Chris Hemsley, the PSR’s Managing Director, said:  

“Payments are the UK’s most-used financial service and last year we made genuine and tangible improvements to people’s day to day lives. I’m very proud of the steps we’ve taken to make sure payment systems will continue to offer access, protection and choice for everybody that uses them – which is all of us.” 

The highlights from 2021/22 include: 

Effective enforcement  

  • The PSR investigated and took action against five companies for cartel behaviour in the prepaid cards market, resulting in fines totalling more than £33 million.  

Improving security  

  • Over 1 billion checks have been made using Confirmation of Payee (CoP), preventing misdirected payments and fraud. More people will benefit from this extra security when they make account-to-account payments, thanks to the PSR’s specific direction expanding the coverage of CoP. 

Fighting scams 

  • Continued work in the fight against authorised push payment (APP) scams meant £246.8 million was returned to victims over the last year. The regulator has proposed new measures which would let people see how their bank is performing, and help more victims get reimbursed.  

Maintaining cash access 

  • Together with other regulators, authorities and industry, the PSR made sure people and businesses continue to have access to cash across the UK. Its work included issuing a new specific direction to LINK, the UK’s largest ATM network, aimed at maintaining the spread of free-to-use ATMS.   

Foundations for the future   

  • The PSR set out its future regulatory framework for Pay.UK to follow as it delivers the UK’s New Payments Architecture, addressing risks to competition and innovation.   

An alternative to cards 

  • The regulator began work to make account-to-account payments a realistic alternative to credit and debit cards, using new open banking services.
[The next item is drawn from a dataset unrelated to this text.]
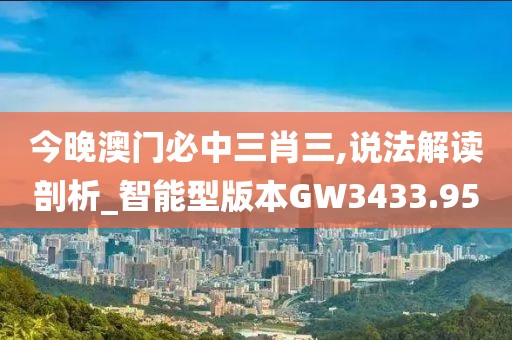 今晚澳門必中三肖三,說法解讀剖析_智能型版本GW3433.95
This should give people and businesses more choice and flexibility in the way they pay.   

A strategic approach  

  • The PSR engaged with stakeholders to develop and launch its five-year Strategy. This sets out the outcomes it wants to see and the priority areas it will focus on. It also confirms the regulator’s work to support new ways of paying, as cryptocurrencies become more important in payments. 
  • The new Strategy, Analysis and Monitoring division will ensure the PSR makes good use of data and evidence to support its work, so it can focus its resources efficiently.  

Helping merchants  

  • The regulator published plans to help UK retailers find better deals for accepting card payments, following the final report of its card-acquiring market review.  

What’s next?  

The PSR will build on this important work to make sure payment systems continue working well for everyone. The regulator already has major pieces of work underway, including two market reviews of card fees.   

Earlier this year, the PSR published its annual plan, which sets out its key aims and activities for the financial year 2022/23 in more detail.